From mixed plastics, the formation of ethene, methane and hydrogen increase with temperature but the formation of propene and higher hydrocarbons decreases. Whether the isolation of olefins can compete economically with the oil cracking process remains to be seen, but the total hydrocarbon pyrolysate is similar to naphtha, the feedstock for petrochemicals production. It should be noted that because pyrolysis is primarily a non-oxidative process carried out under carefully controlled conditions, the possibility of dioxin formation is much reduced. In 1995 about 100 kT of mixed plastics wastes were converted into chemical feedstocks in Europe by pyrolysis, and this is expected to increase at the expense of incineration over the next ten years. 

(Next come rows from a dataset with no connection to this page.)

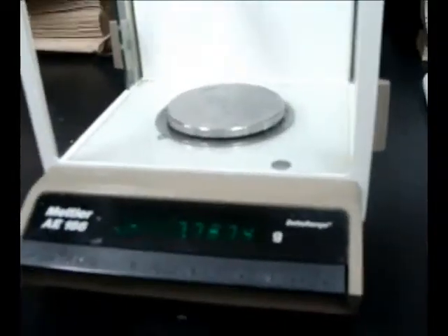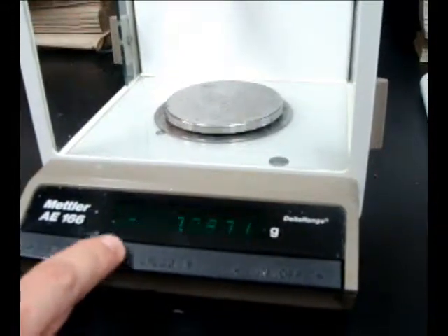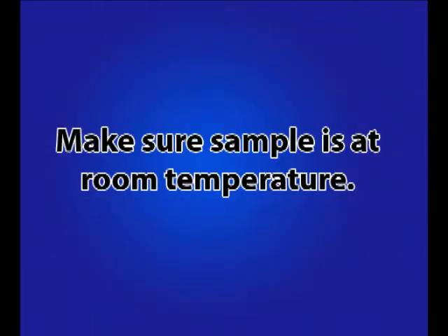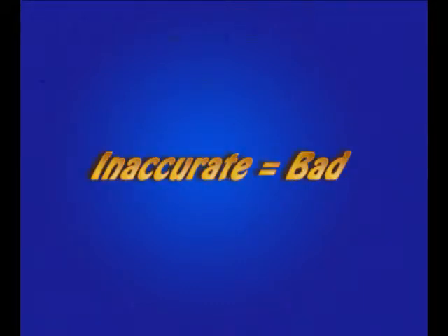If the digital display on your device shows a value other than zero, press the tare button located on the front of the balance to re-zero the device. Make sure the specimen you are to measure is at room temperature, as this avoids pressure changes within the measurement chamber that will cause inaccurate results.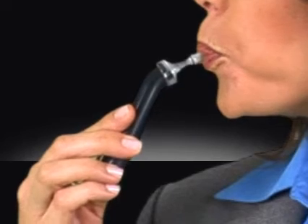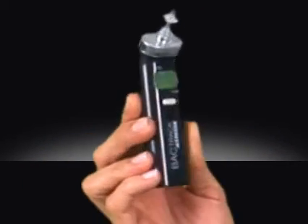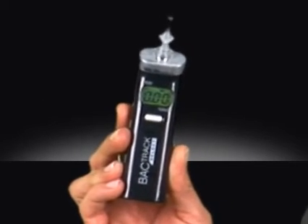To test with the S30, simply attach the mouthpiece and blow for 5 seconds. Your results will appear instantly on the screen in front of you. Powered by MicroCheck sensor technology, the BackTrack S30 provides test results on a clear LCD display.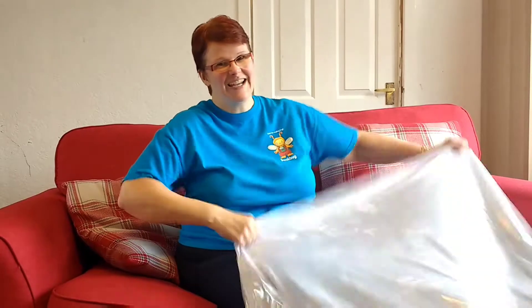Hiya, my name is Kirsty and today I'm going to sing a song with my shiny shaky lycra. Would you like to join in? You would? Fantastic.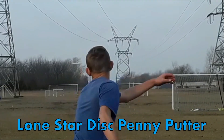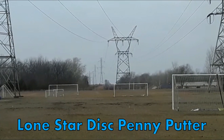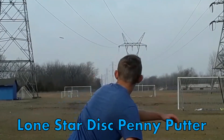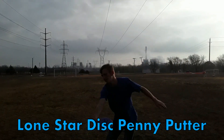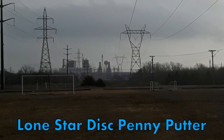Here you can also see the Penny Putter is great for turnovers. You just put it on a little anhyzer and it'll hold the angle. Here's a higher example with more anhyzer, and as you can see, it just holds the angle the whole way. Here's a hyzer shot — if you throw this disc on a certain angle, it will hold that angle the whole flight, if you don't torque it over.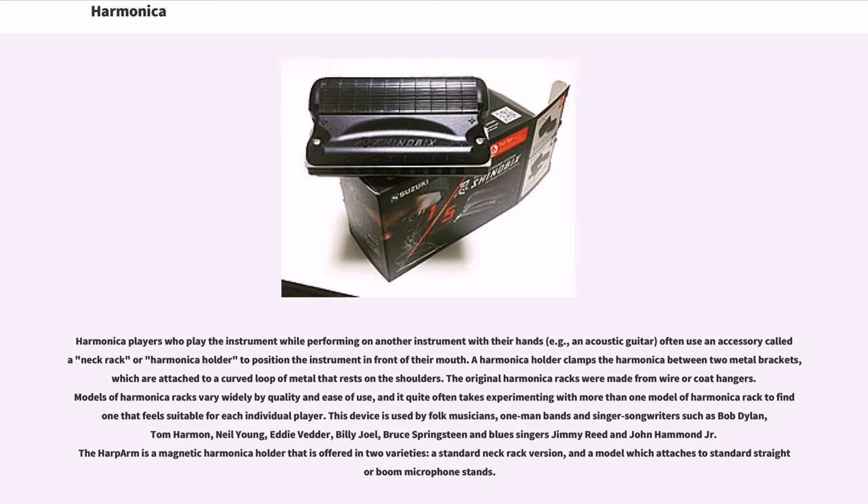Harmonica players who play while performing on another instrument with their hands, for example an acoustic guitar, often use an accessory neck rack or harmonica holder to position the instrument in front of their mouth. A harmonica holder clamps the harmonica between two metal brackets attached to a curved loop of metal that rests on the shoulders. The original harmonica racks were made from wire or coat hangers. Models of harmonica racks vary widely by quality and ease of use.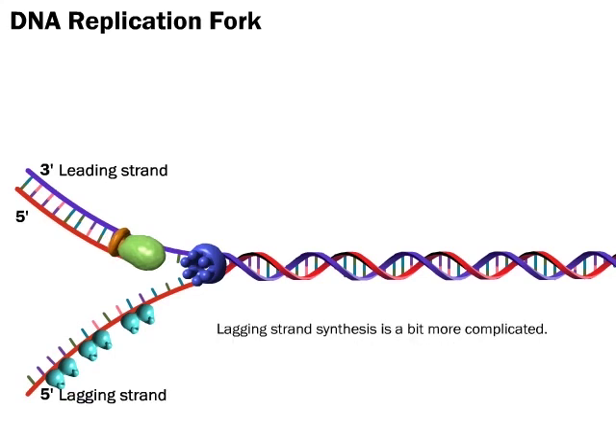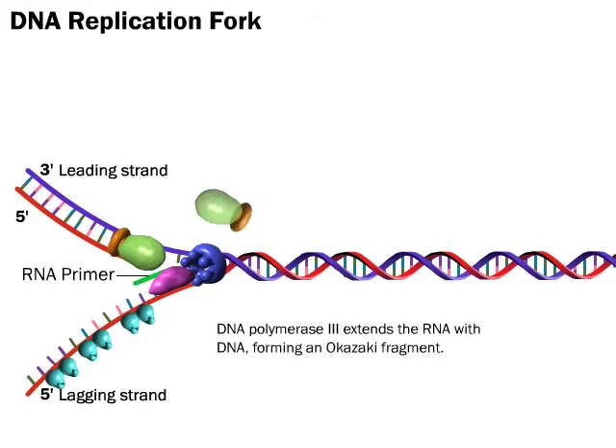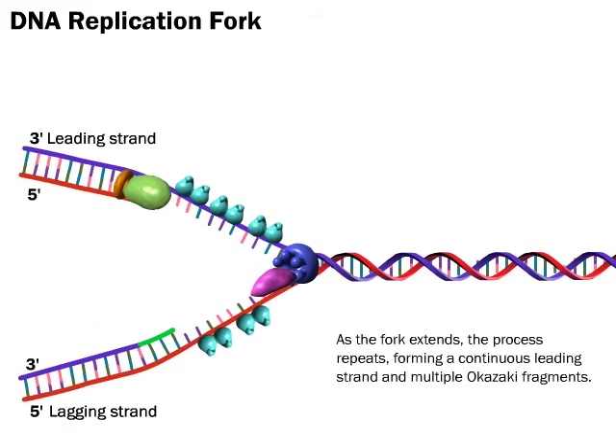Lagging strand synthesis is a bit more complicated. DNA primase synthesizes a short RNA primer. DNA polymerase 3 extends the RNA with DNA, forming an Okazaki fragment. As the fork extends, the process repeats, forming a continuous leading strand and multiple Okazaki fragments.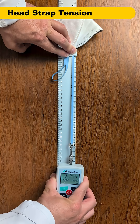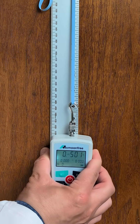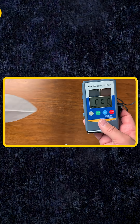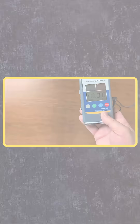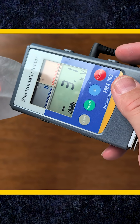Let's take a look at the head strap tension. There is some variability between all of the samples, but there is an overall match between my reference Auras and this batch. I also tested the electrostatic charge of the inner layers of the mask with an electrostatic charge meter, and it's an exact match between both sets.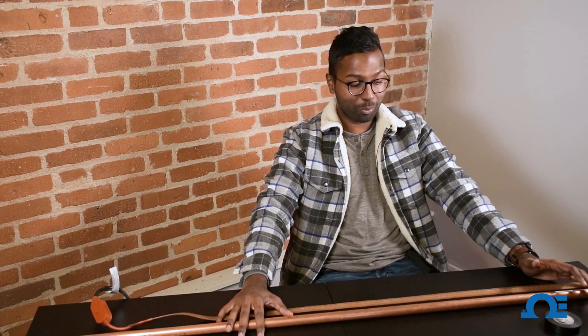Hey guys, this is David from Omega Engineering. Today I'm going to be showing you how to apply heating tape on a length of plumbing pipe.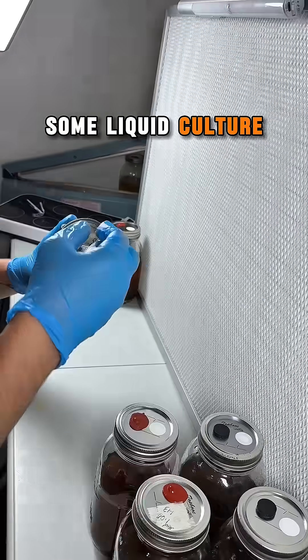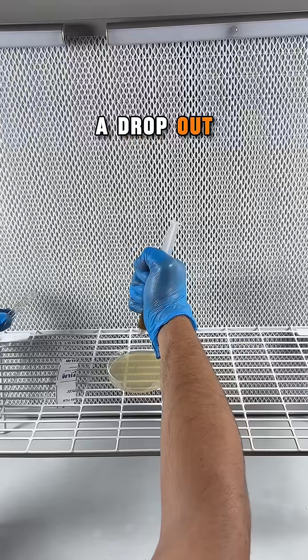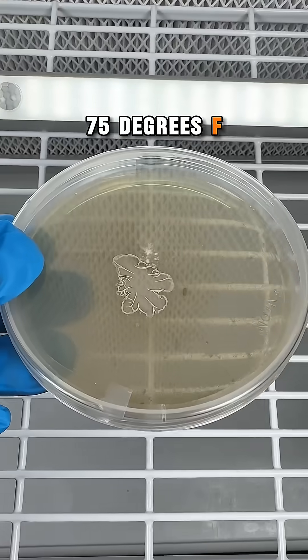Once I've extracted some liquid culture from each jar, I shake the syringe and then squeeze a droplet onto a nutrient agar plate. I seal the plate with parafilm and incubate at 75 degrees Fahrenheit.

Although crotonic acid, or 2-pentenoic acid from HV comonomer, is the main decomposition product from the biopolymers at low temperature, other degradation products appear under high-temperature pyrolysis conditions. For PHB homopolymer these include propene and carbon dioxide from the breakdown of crotonic acid itself, isocrotonic acid from the obvious reorganization reaction and /3-butyrolactone as a short-lived intermediate that spontaneously decomposes by 0-alkyl scission to propene and carbon dioxide or by O-acyl scission to acetaldehyde and ketene. Similar reactions can be proposed for the comonomer decomposition and some pyrolysis experiments have already been reported. ...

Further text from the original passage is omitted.